## Extracted information:

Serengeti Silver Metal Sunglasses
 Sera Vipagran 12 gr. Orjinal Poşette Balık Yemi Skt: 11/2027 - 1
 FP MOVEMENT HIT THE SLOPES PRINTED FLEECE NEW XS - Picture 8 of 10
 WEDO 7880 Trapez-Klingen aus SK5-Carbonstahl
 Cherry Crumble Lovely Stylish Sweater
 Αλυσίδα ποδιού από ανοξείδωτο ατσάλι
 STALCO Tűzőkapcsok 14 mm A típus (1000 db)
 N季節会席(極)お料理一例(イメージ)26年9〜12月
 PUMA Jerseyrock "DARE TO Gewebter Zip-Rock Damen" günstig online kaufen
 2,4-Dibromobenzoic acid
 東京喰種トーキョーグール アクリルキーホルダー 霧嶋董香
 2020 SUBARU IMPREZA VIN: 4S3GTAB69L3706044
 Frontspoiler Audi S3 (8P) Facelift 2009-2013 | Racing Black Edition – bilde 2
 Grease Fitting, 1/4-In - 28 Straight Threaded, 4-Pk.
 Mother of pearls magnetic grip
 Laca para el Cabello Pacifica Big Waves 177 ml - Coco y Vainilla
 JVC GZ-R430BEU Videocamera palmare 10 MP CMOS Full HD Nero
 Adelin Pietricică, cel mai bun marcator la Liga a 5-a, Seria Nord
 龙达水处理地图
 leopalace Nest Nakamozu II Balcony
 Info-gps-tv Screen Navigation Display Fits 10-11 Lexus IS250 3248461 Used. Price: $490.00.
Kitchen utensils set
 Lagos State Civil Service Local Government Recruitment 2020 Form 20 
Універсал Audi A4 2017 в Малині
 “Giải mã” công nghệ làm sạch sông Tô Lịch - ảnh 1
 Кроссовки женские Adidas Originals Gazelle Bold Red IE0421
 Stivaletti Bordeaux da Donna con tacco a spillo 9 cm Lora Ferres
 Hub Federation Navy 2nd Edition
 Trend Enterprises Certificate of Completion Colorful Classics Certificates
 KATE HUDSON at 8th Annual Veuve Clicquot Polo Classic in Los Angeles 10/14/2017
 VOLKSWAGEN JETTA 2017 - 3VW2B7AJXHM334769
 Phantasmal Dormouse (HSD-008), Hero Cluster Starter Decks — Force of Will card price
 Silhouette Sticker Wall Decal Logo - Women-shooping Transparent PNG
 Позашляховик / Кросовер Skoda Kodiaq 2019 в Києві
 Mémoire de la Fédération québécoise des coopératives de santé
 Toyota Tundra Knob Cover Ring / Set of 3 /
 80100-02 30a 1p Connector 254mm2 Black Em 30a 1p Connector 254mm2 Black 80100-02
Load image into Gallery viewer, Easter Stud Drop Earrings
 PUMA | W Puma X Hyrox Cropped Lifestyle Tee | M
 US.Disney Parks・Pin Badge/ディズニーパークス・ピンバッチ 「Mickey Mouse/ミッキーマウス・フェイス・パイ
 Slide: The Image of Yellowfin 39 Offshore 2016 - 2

## Task prompt:
From the records above, copy out the line with "WEDO 7880 Trapez-Klingen aus SK5-Carbonstahl", the line with "Lịch - ảnh 1", and every line between them, word for word.

## Your solution:
 WEDO 7880 Trapez-Klingen aus SK5-Carbonstahl
 Cherry Crumble Lovely Stylish Sweater
 Αλυσίδα ποδιού από ανοξείδωτο ατσάλι
 STALCO Tűzőkapcsok 14 mm A típus (1000 db)
 N季節会席(極)お料理一例(イメージ)26年9〜12月
 PUMA Jerseyrock "DARE TO Gewebter Zip-Rock Damen" günstig online kaufen
 2,4-Dibromobenzoic acid
 東京喰種トーキョーグール アクリルキーホルダー 霧嶋董香
 2020 SUBARU IMPREZA VIN: 4S3GTAB69L3706044
 Frontspoiler Audi S3 (8P) Facelift 2009-2013 | Racing Black Edition – bilde 2
 Grease Fitting, 1/4-In - 28 Straight Threaded, 4-Pk.
 Mother of pearls magnetic grip
 Laca para el Cabello Pacifica Big Waves 177 ml - Coco y Vainilla
 JVC GZ-R430BEU Videocamera palmare 10 MP CMOS Full HD Nero
 Adelin Pietricică, cel mai bun marcator la Liga a 5-a, Seria Nord
 龙达水处理地图
 leopalace Nest Nakamozu II Balcony
 Info-gps-tv Screen Navigation Display Fits 10-11 Lexus IS250 3248461 Used. Price: $490.00.
Kitchen utensils set
 Lagos State Civil Service Local Government Recruitment 2020 Form 20 
Універсал Audi A4 2017 в Малині
 “Giải mã” công nghệ làm sạch sông Tô Lịch - ảnh 1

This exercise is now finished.